WASHINGTON (AP) — A man from Yonkers, N.Y., says his brokerage account dissolved from $171,666 last March 30 to a negative balance of $23,610 a few weeks later, as his broker failed to execute his request to sell stocks.

A broker in Georgia used the money in a retired man's IRA account to buy 1,950 shares of high-tech PSINet Inc. at almost $58 a share on March 7. The stock plunged to $34 a share by March 31 and to 65 cents by year's end, virtually wiping out his retirement fund, the man says. The broker, he told the Securities and Exchange Commission in a written complaint, ``misrepresented ... by purchasing this speculative stock.''

Amid last year's market slide, there were plenty of tales of woe. Some investors felt the pain doubly when they believed they were deceived by their brokers.

Investors' complaints to the SEC against their brokers set an all-time high in 2000 as the market turned downward. Complaints overall jumped about 10 percent, to 13,599 from 12,463 in 1999. Among those, complaints related to brokers' sales practices rose to 4,476 from 4,152, reversing a five-year decline, according to figures to be posted on the SEC's Web site next week.

A bull market with blissful investors, such as the one that finally expired last year, hides a lot of blemishes in brokers' behavior that can become exposed once the tide runs out, securities regulators say.

Many investors, and brokers, had never experienced a declining market before last year. Regulators are therefore willing to give some brokers the benefit of the doubt, suggesting that they may not have been prepared to respond appropriately in handling their customers' money.

``When markets go up, people tend to let their guard down. They don't research their investments carefully,'' said Susan Wyderko, director of the SEC's Office of Investor Education and Assistance. ``In a down market, their chickens can come home to roost.''

Regulators believe that last year's spike in complaints was due in large part to an increase in difficulties with margin accounts in a declining market.
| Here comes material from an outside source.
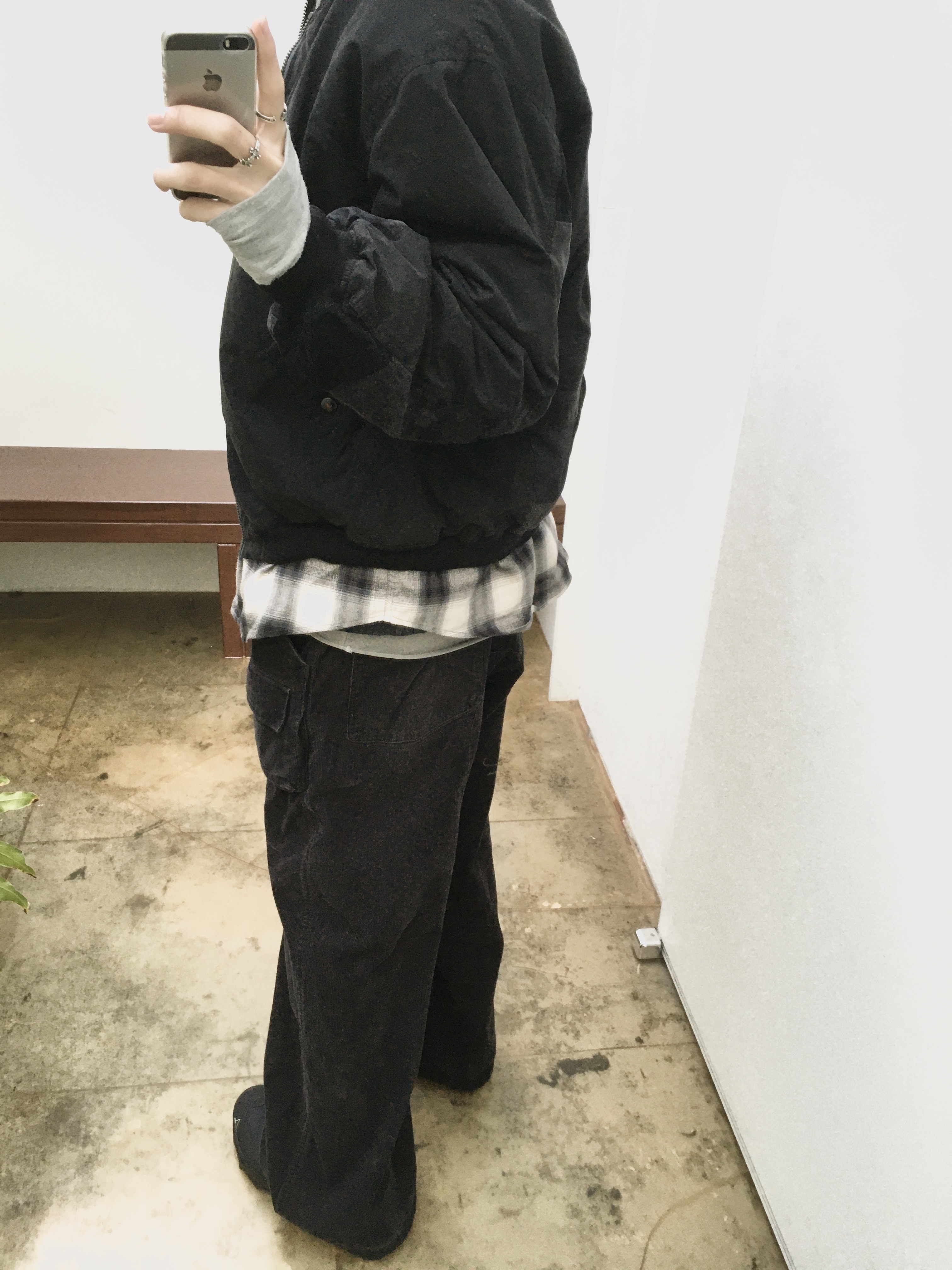Polyteru 1011 Reversible Patched MA-1 Washed Black (Dyed Mud), Polyteru x 1011 Gallery Fatigue Sweatpants Khaki Green - 23SS 착용 스타일 - 3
Investors buy stocks on margin by borrowing part of the purchase price from their brokerage firm and putting up the securities as collateral for the loan. An investor can lose more money than he or she put into the account if the securities bought on margin decline in value.

In margin calls investors are asked to come up with more money to meet the minimum requirement of loans used to buy securities.

Another growing problems is with so-called brokered certificates of deposit, especially among the elderly. They have quite different properties from the plain vanilla CDs that people have bought for years at their local banks, and not understanding the differences can lead to significant financial losses.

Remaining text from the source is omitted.